O ile w przypadku Thunder kontuzja Westbrooka była gwoździem do trumny, albo przynajmniej powodem do załamania, o tyle brak Jeremy’ego Lina nie bardzo martwił fanów Rockets. Bez niego Rakiety doprowadzili do 6 spotkania i były na prawdę bardzo blisko awansu do 2 rundy. Ciągle mam wrażenie, że kierownictwo Rockets za wszelką cenę chciało dostarczyć swoim kibicom jakąś niezwykła historię i tylko dlatego w składzie znalazł się Lin. Wydaje się jednak, że nie jest jeszcze gotowy(i możliwe, że nigdy ni będzie) aby być główną postacią w drużynie walczącej o wysokie cele. Jako rezerwowa jedynka jak najbardziej, ale Rockets bardzo dobrze radzą sobie pod wodzą Beverleya. Ostatnio więcej o tym pisał Paweł ->https://www.enbiej.pl/2013/05/03/5-powodow-dla-ktorych-rockets-powinni-pozbyc-sie-jeremy-lina/
Rockets przy kontuzji Westbrooka byli niewygodnym rywalem dla Thunder odkąd z dalekiej podróży wrócił Omer Asik. Center rodem z Turcji sprawiał ogromne problemy Perkinsowi i korzystał na tym, że często to Ibaka próbował zatrzymać Hardena i miał sporo wolnego miejsca pod koszem. Grzmoty musiały pomagać w pomalowanym swojemu Big Man’owi i tym samym zostawiały otwarte pole do gry obwodowym Rockets. Tak się składa, że Rakiety uwielbiają rzucać zza łuku, a do tego euro step Jamesa Hardena jest drugim najlepszym w całej lidze, zaraz po tym D-Wade’a.

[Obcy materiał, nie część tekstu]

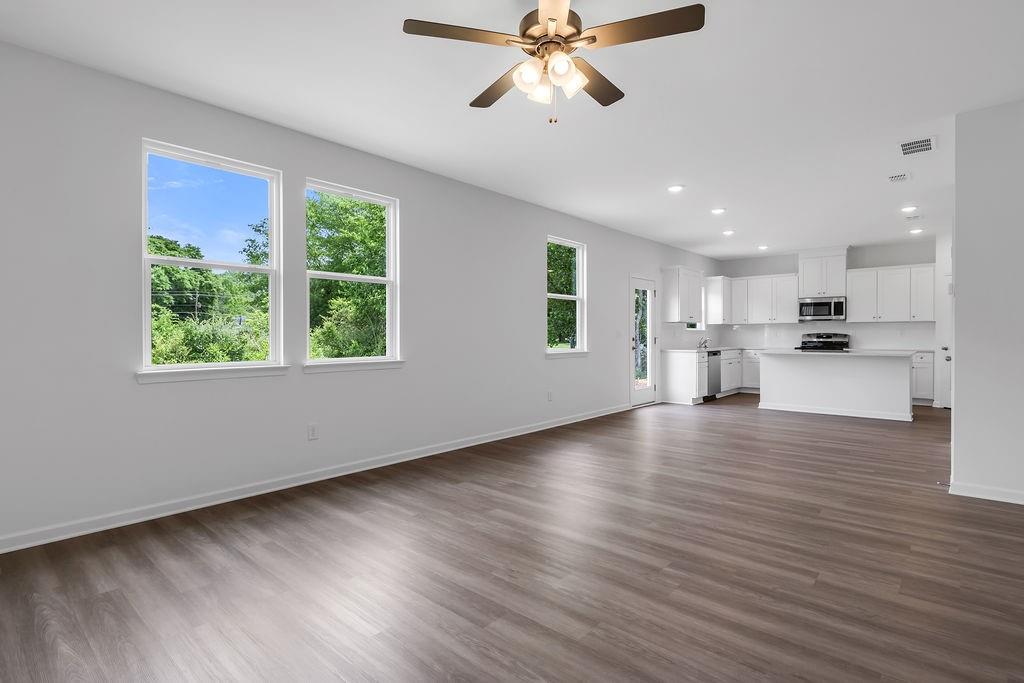 172 Sweet Water Lane Southeast Rome, GA 30161 - Photo 6 of 29 a view of an empty room with wooden floor and a window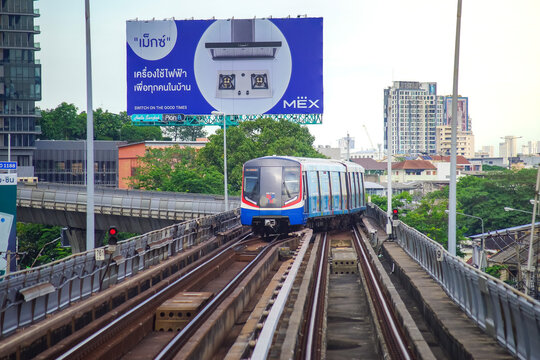 Bangkok, Thailand - June  16, 2026 : A BTS Skytrain pulling into Saphan Taksin Station in the afternoon.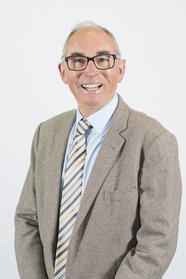 Headshot of Councillor Giles Archibald smiling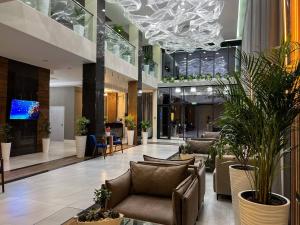 a lobby with couches and plants in a building at Cosmopolitan Hotel in Shymkent
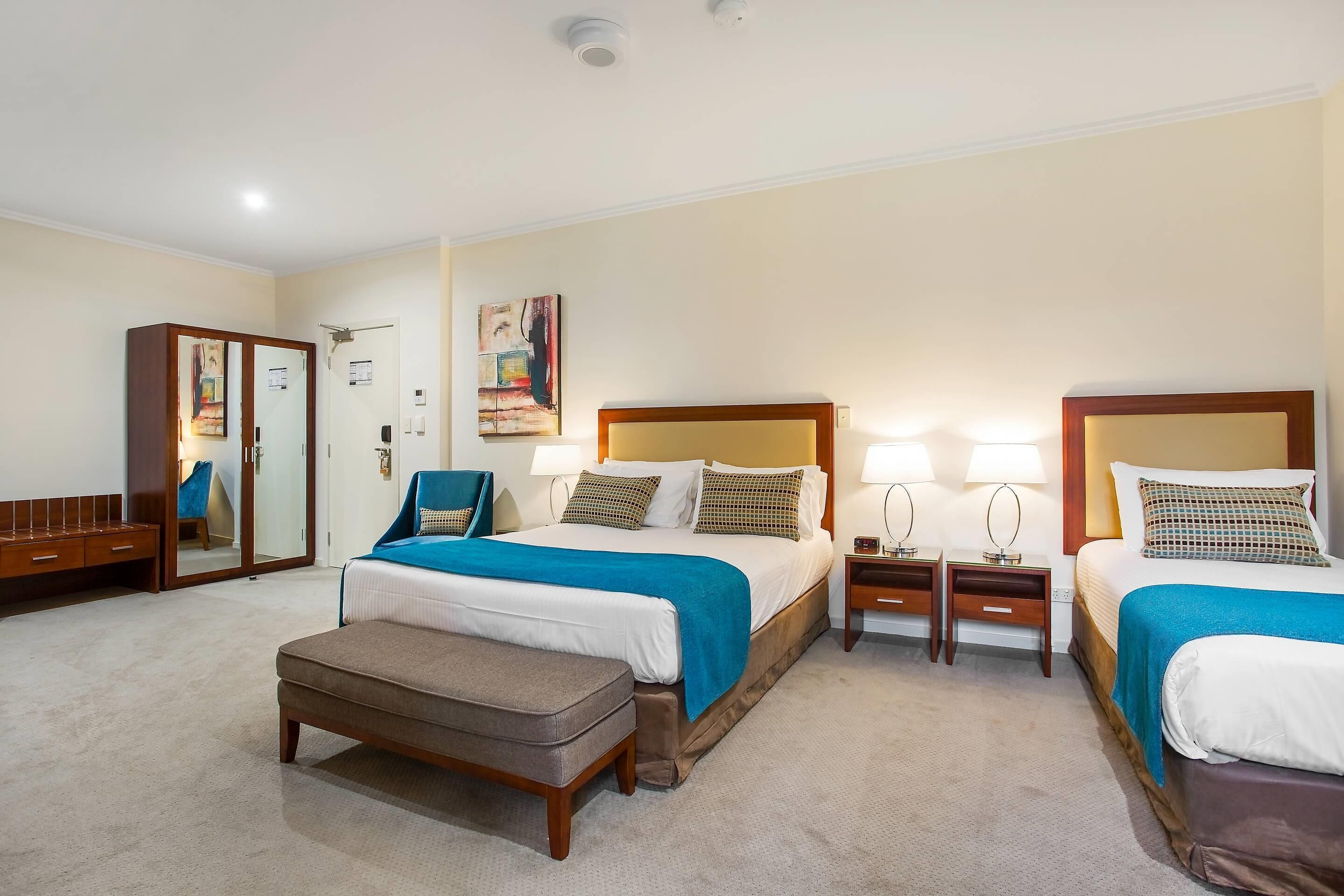 A hotel room with a large bed, two bedside tables, a chair, a wardrobe, and a mirror.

Co dla Rockets mogła oznaczać tak dobra postawa w starciu z Thunder ? Oprócz tego, że Houston na dobre przypomniało sobie jak to jest być częścią wielkiej koszykówki, to zawodnicy mogli zapisać się w historii jako jedyny zespół, który ze stanu 0-3 zmienił losy serii i wygrał 4-3. Do tego sztuki tej dokonać na ubiegłorocznych finalistach. Ta historia byłaby jednak zbyt piękna i zapewne za rok nikt nie będzie pamiętał, że gdyby Rockets poszli za ciosem w 3 kwarcie szóstego spotkania, to czekalibyśmy właśnie na Game 7 i fani Thunder pociliby się za strachu.
Ta seria dała jasny sygnał do reszty ligi, że warto być częścią Rockets, bo w zespole po T-Macu i Yao znowu wróciło życie. O co chodzi? Chociażby o sfrustrowanego Dwighta Howarda, który chyba jednak nie wytrzymał presji gry obok Koby’ego Bryanta i bycia liderem zespołu. W Houston na pewno oczekiwaliby od niego także wielkich rzeczy, ale zawsze w zapasie byłby James Harden. Swoją drogą duet Harden-Howard mógłby sporo namieszać na zachodzie. Pasowałby do gry Rockets, bo jeszcze bardziej zmuszałby rywali do zacieśniania pola gry i otwierałby tym samym wolne pozycje dla strzelców. Oprócz niego na rynku będzie kilku ciekawych zawodników (np. mający dość Atlanty-Josh Smith), a ewentualnie na Omera Asika chętni powinni się znaleźć.
Grizzlies mają ogromną szansę na finał konf. i prawdę mówiąc wolałbym ich tam widzieć zamiast Thunder.Brak Westbrooka otworzyła przed Grizzilies nowe możliwości a osłabiła znacząco Thunder. Seria będzie długa i wyczrpująca.